As our woes as a nation continue, The Nation newspaper, on Sunday, December 19 came up with an ingenious verdict on the Buhari government. In naming its “Person of the year 2021”, the newspaper said the winner is “NOBODY”! It went ahead to name the “bandit” as the first runner-up. Analysing how it came about the verdict of “NOBODY”, the Itsekiri born Chairman of The Nation Editorial Board, Sam Omatseye, penned: “This newspaper searched, and there were many episodes. Storms without heroes. We sought the man of action, the selfless avatar, the David against a Goliath of evil, the imagination overturning a riddle. It was a fruitless search. Big events tended to be about fear and trembling. The nation, as we exit the year, is still in the grips of fear and trembling”. The verdict is damning enough. The one Nigerians placed their hopes to rise to the occasion and put an end to the “fear and trembling” is the one the northern protesters said is “sleeping”.

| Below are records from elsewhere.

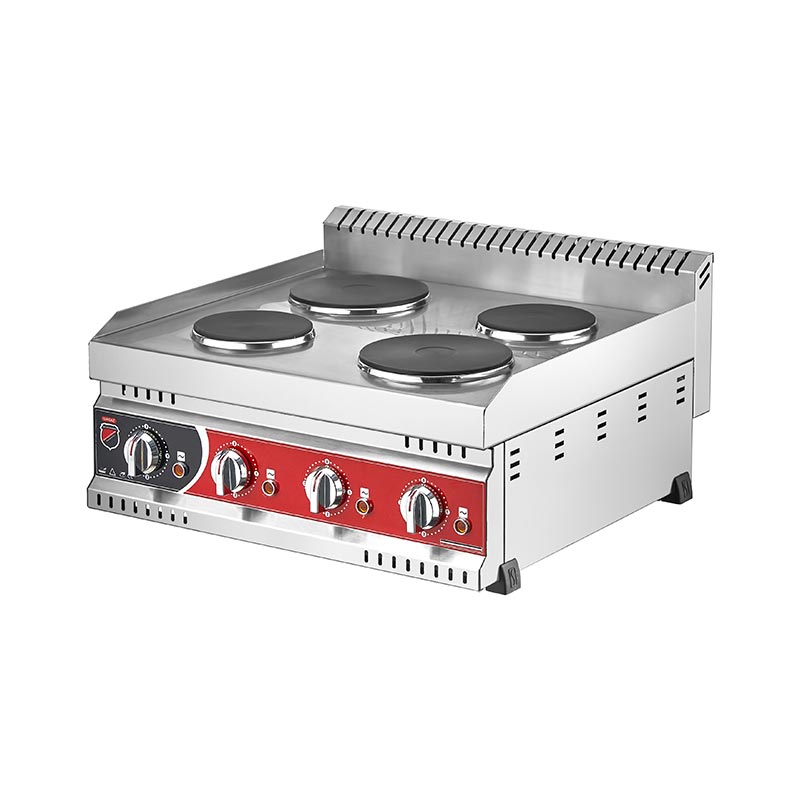 SilverInox EP-04 4 Gözlü Pleyt Isıtıcı, Elektrikli — SilverInox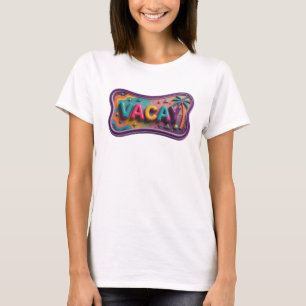 Trendy Purple VACAY Statement Tee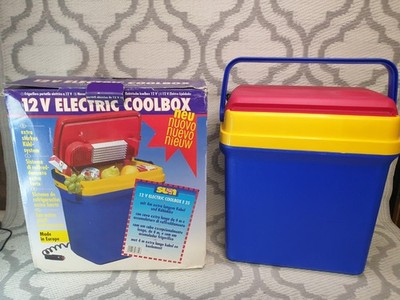 Vintage SUN & FUN Elektrische Kühlbox E25 12V 48W 25L tragbar Retro *neu & unbenutzt*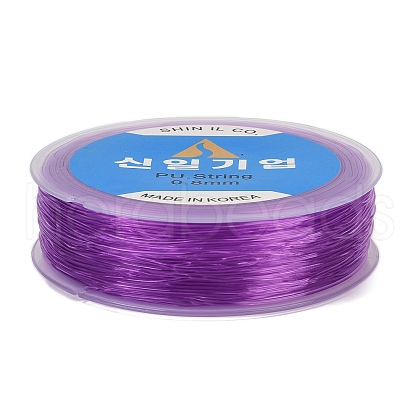 Korean Round Crystal Elastic Stretch Thread EW-Z002-01B-0.8mm-1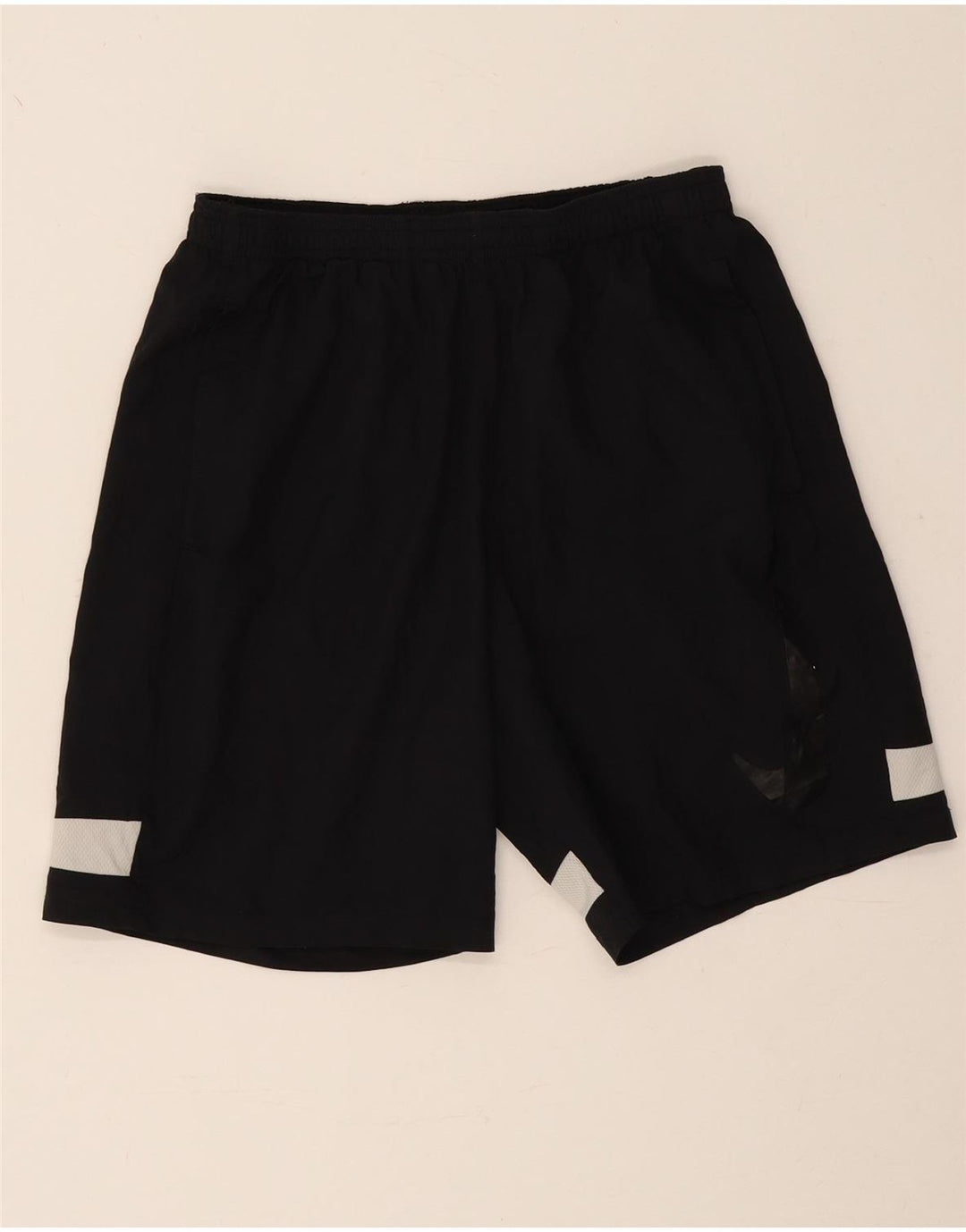 Nike muške Dri Fit grafičke sportske kratke hlače srednje crne boje od poliestera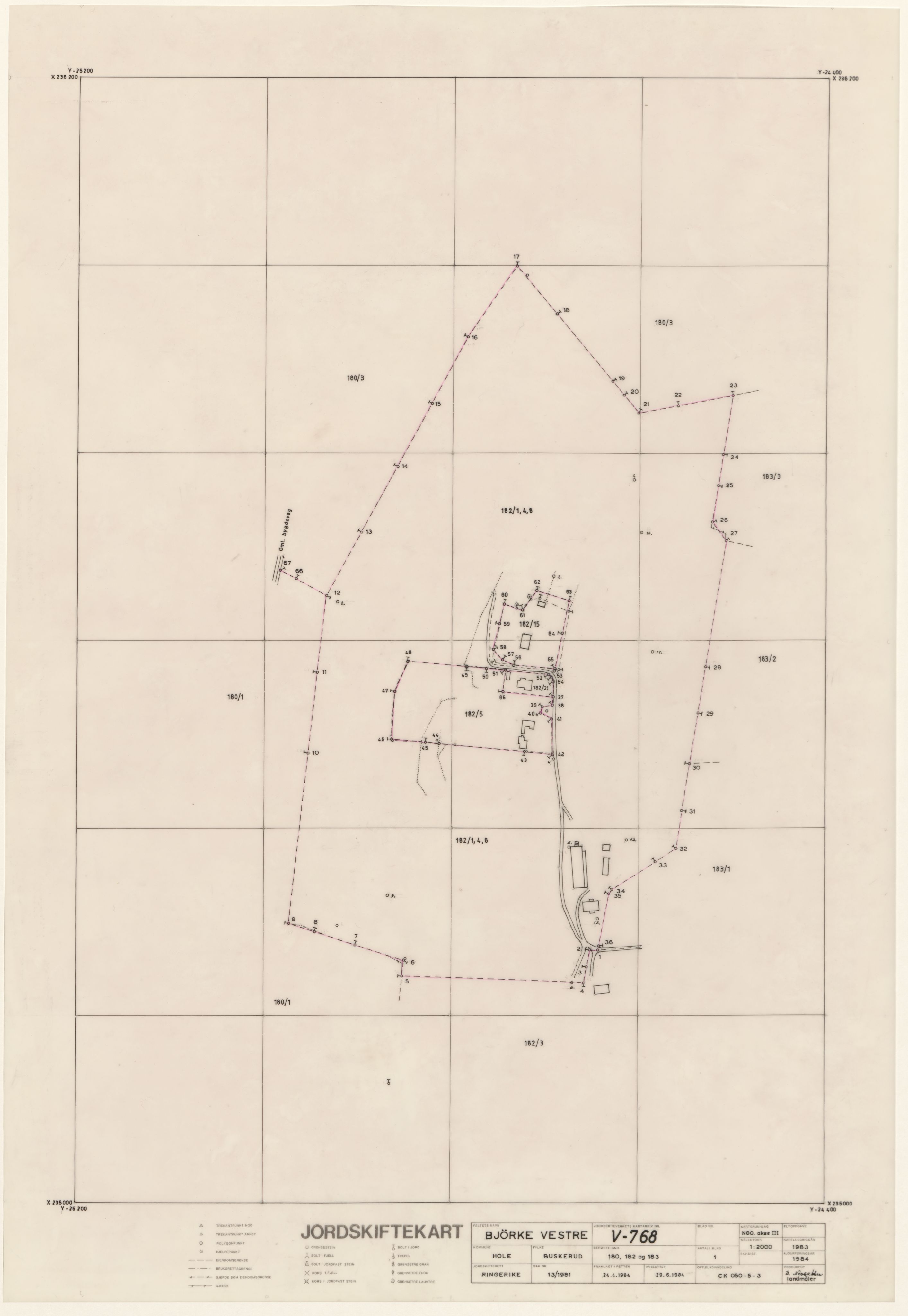 Jordskifteverkets kartarkiv, RA/S-3929/T, 1859-1988, p. 1064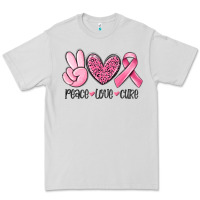 Dove Grey peace love cure breast cancer Premium Tee - MaliasSmallBusiness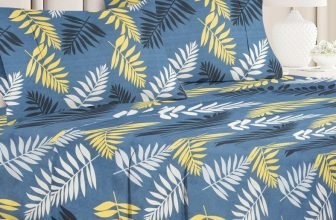 Vas Collections 160 Tc Cotton Double Floral Flat Bedsheet(Pack Of 1, Cloudy Blue)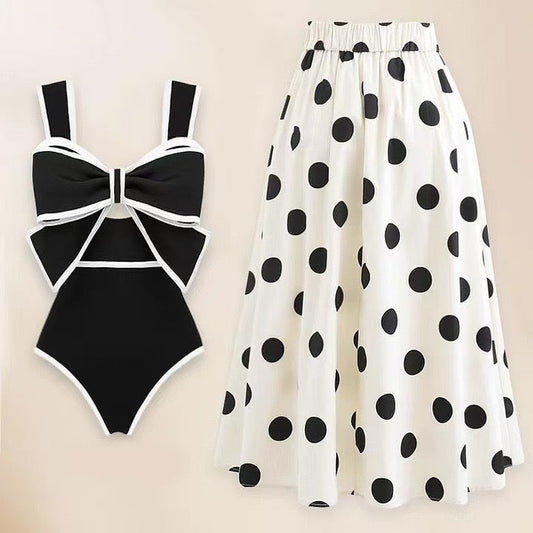 Bikini Suit Skirt Conservative Swimwear Women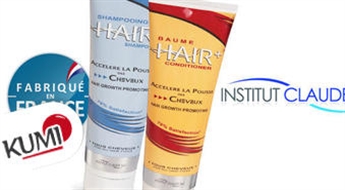 Komplekts pret matu izkrišanu un matu augšanai HAIRPLUS no franču institūta CLAUDE Bell + piegāde! -50%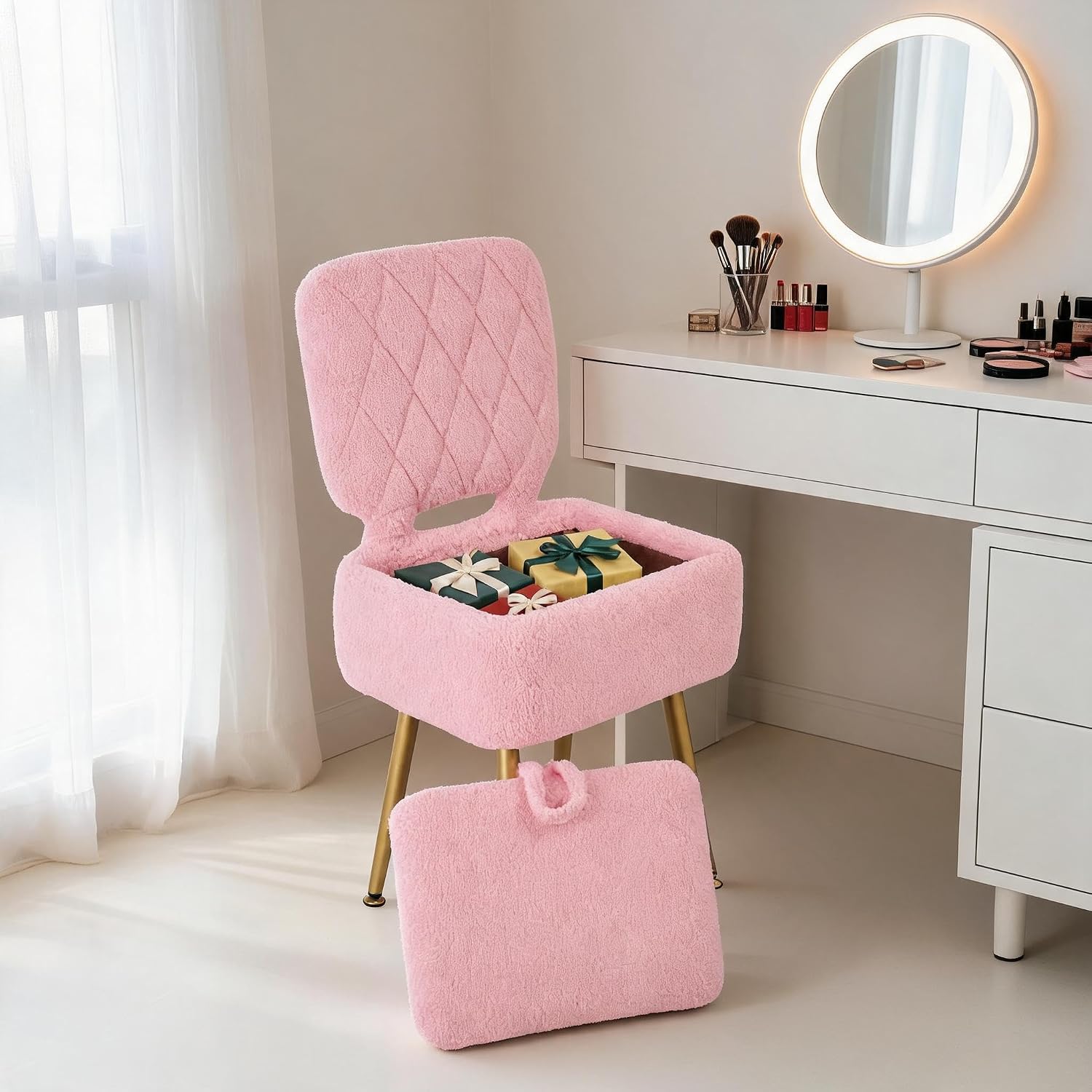 GarveeLife IEJVPCFM4MWTC5 Vanity-Stools - View #6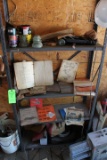 Metal Shelf w/ Contents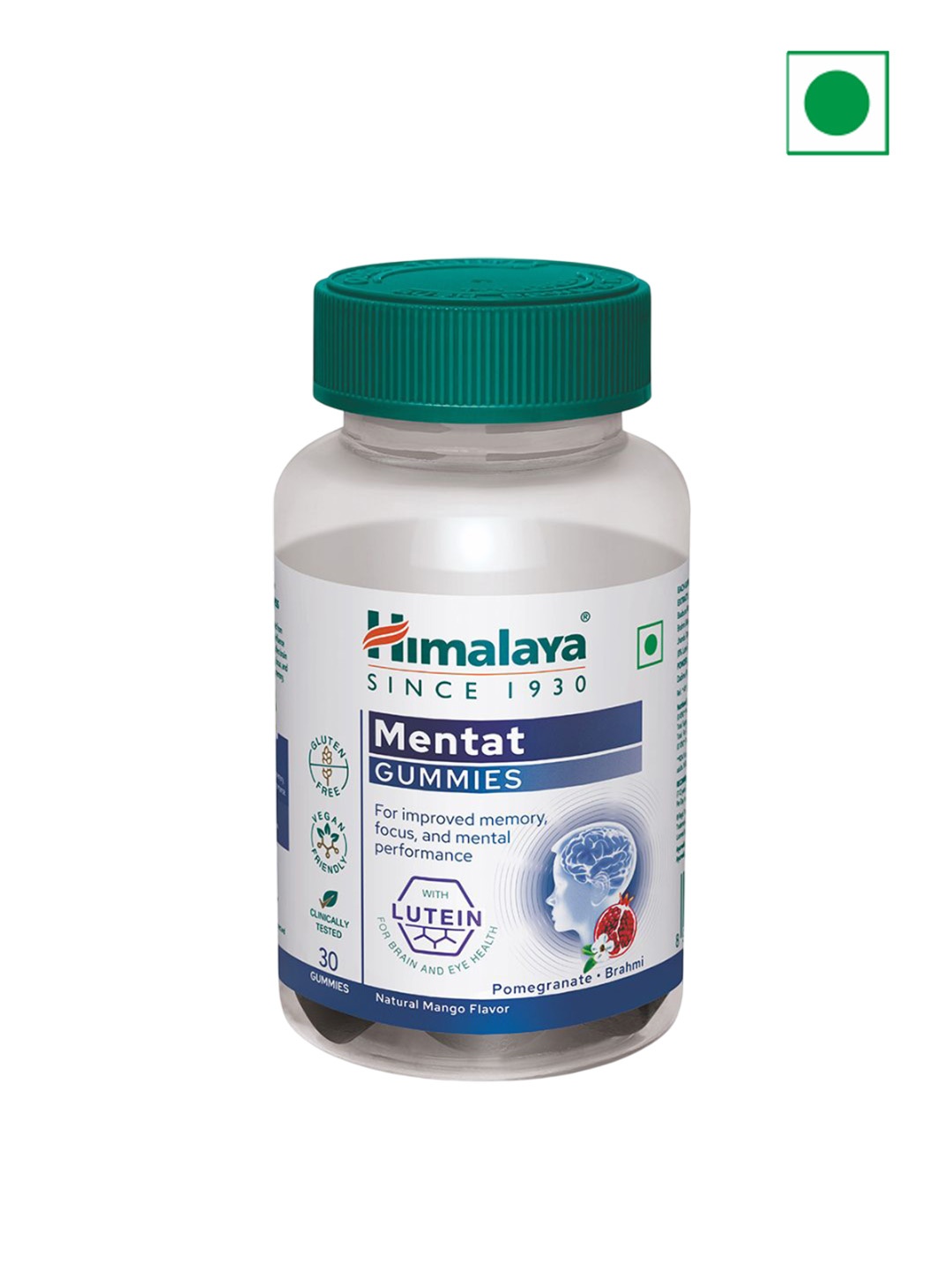 

Himalaya Mentat Gummies - 30 Gummies - Mango Flavor, Purple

Now we can ask ourselves, how did we get here? How come the Western Region Awolowo developed and which had peace is now a theater of kidnappings, killings and other sundry crimes. My home state of Ekiti is the worse for it. My Ikole Local Government Area of the state appears to be the South-West headquarters of criminal abductions with intent to kill, maim or extract ransoms from helpless victims. From Itapaji to Irele, from Ayedun to Oke Ako; from Isaba to Usin, to Ijebu Agege, kidnappers and killer herdsmen make mincemeat of fellow compatriots. The situation is such that the bandits who kidnap do not necessarily stay on the highways again. They boldly burst into homes, pick their victims like chickens in a poultry cage and stroll leisurely back to their evil kingdoms knowing that no security apparatchik is coming after them.
Now, to whom do we look for the redemption of this dying giant?